Neste entretempo, uma senhora de noventa e tantos anos aguardava, há dezenas de dias, por decisão judicial que lhe permitisse prolongar a já longeva existência. O MP/RS, em regular procedimento, identificara e recomendara cuidados essenciais. A velha – e o tempo lhe consumiu os entes queridos –, (sobre)vive na epidemia contemporânea da solidão. Acorreu-lhe um sobrinho, filho da irmã mais nova, 86 anos vividos, para que a mais velha não soçobrasse na escuridão e no ocaso. Com ela havia estado duas ou três vezes na vida, não mais, e foi ao juiz para pedir cuidados e assistência.
No morro, 350 crianças padecem pela não-ação de um órgão público que não fez o que deveria no tempo certo. Desde sempre, há 50 anos, a ação social da entidade que as abriga é reconhecida e respeitada por todos. Pela incúria da autoridade pública, a "conta" será paga pelas crianças. A falta da tal certidão – CND – impede o recebimento dos recursos que alimentam, educam e acolhem os rebentos. Pediu-se juiz ao caso.

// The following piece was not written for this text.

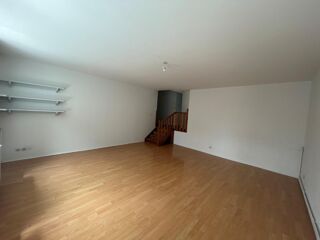  Appartement à louer 3 pièces 91 m²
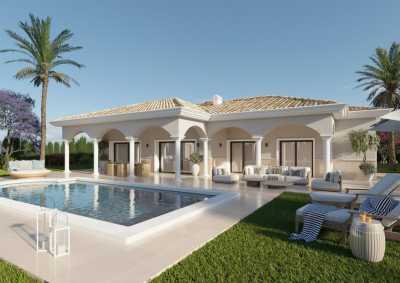 Villa For Sale in Pinoso, Spain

O direito virou barbárie e crianças, velhos e leitões continuam desiguais. A equidade, o senso de equilíbrio e de utilidade na aplicação da lei perderam-se num (in)compreensível mundo de convicções e solipsismos judiciários. Firulas e "argumentos de autoridade", exóticos aos estudiosos, tem vindo ornamentados por ensimesmamentos e descompromisso; nos restou a libertação dos leitões e das tripas fazer coração para salvar os humanos das iniquidades e do sistema, a cada dia mais autocentrado.
Pobre leitão liberto! "Salvo" pelo justo, fostes mandado para o presunto que empanturrará as mesas dos justos e dos solitários convictos. E não me diga que me disseram, tirando o finado leitão, destas contendas, participei e perdi: com a velha, com as crianças e com o leitão, creia, restar-nos-á adornar mesas para os que ainda podem comer, sobreviver e esvaziar a "Justiça".